**Information provided**
■ ■ ■ ■ ■
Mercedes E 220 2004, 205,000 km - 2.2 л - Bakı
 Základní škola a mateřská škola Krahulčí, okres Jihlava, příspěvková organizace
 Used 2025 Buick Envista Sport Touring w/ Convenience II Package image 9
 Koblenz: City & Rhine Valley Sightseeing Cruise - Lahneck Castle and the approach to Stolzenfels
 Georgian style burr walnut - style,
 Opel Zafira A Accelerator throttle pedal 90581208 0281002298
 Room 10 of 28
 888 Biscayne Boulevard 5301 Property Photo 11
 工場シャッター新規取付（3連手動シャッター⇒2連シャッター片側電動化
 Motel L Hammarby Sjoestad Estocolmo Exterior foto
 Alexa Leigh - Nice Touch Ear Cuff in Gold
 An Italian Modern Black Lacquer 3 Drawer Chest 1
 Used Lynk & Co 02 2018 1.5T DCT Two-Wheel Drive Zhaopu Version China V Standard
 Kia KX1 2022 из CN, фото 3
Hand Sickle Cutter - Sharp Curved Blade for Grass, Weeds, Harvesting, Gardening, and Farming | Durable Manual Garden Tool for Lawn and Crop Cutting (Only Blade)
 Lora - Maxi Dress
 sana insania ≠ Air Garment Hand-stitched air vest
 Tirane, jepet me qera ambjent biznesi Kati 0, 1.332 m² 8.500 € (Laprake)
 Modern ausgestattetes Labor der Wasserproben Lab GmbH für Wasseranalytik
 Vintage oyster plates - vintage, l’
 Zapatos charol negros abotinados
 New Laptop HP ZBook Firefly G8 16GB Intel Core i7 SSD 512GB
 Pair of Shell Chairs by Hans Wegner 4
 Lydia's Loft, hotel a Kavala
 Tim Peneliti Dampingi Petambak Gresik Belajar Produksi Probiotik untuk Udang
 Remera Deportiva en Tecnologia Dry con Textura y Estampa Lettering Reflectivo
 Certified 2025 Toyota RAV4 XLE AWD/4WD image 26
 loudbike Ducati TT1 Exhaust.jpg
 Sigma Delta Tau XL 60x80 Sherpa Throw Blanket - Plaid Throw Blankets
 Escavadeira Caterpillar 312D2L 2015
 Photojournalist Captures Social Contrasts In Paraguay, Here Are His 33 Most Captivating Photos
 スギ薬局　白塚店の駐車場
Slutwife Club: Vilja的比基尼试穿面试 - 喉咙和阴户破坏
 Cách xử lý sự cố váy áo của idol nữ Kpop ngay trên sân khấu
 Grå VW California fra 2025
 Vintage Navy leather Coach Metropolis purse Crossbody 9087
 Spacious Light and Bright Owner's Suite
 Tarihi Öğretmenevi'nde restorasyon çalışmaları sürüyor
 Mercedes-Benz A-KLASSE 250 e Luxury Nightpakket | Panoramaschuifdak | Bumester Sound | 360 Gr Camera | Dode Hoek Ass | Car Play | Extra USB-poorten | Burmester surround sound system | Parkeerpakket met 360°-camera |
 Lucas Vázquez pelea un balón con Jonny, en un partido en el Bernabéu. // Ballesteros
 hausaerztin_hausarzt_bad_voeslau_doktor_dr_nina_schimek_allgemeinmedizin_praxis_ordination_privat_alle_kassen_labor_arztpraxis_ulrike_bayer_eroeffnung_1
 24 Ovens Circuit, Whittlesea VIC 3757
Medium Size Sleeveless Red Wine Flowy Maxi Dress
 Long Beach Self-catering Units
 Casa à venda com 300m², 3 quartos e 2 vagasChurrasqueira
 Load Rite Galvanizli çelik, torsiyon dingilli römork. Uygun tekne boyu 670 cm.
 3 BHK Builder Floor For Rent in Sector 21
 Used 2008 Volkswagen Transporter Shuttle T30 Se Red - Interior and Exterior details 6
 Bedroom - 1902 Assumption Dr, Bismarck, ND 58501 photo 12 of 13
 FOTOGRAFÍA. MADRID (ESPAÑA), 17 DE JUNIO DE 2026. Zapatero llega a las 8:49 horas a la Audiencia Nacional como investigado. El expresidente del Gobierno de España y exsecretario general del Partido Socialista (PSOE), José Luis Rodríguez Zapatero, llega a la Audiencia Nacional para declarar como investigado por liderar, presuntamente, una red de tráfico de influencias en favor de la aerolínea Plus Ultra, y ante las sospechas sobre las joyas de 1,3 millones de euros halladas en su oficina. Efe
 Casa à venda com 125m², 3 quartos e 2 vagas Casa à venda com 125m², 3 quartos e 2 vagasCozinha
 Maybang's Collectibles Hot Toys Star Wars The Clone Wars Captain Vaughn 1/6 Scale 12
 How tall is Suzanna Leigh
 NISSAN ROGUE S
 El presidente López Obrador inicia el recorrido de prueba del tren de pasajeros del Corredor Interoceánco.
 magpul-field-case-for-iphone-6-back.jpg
■ ■ ■ ■ ■
**What needs to be done**
Write only the number of lines in the records that contain the string "Dress".

**Written response**
2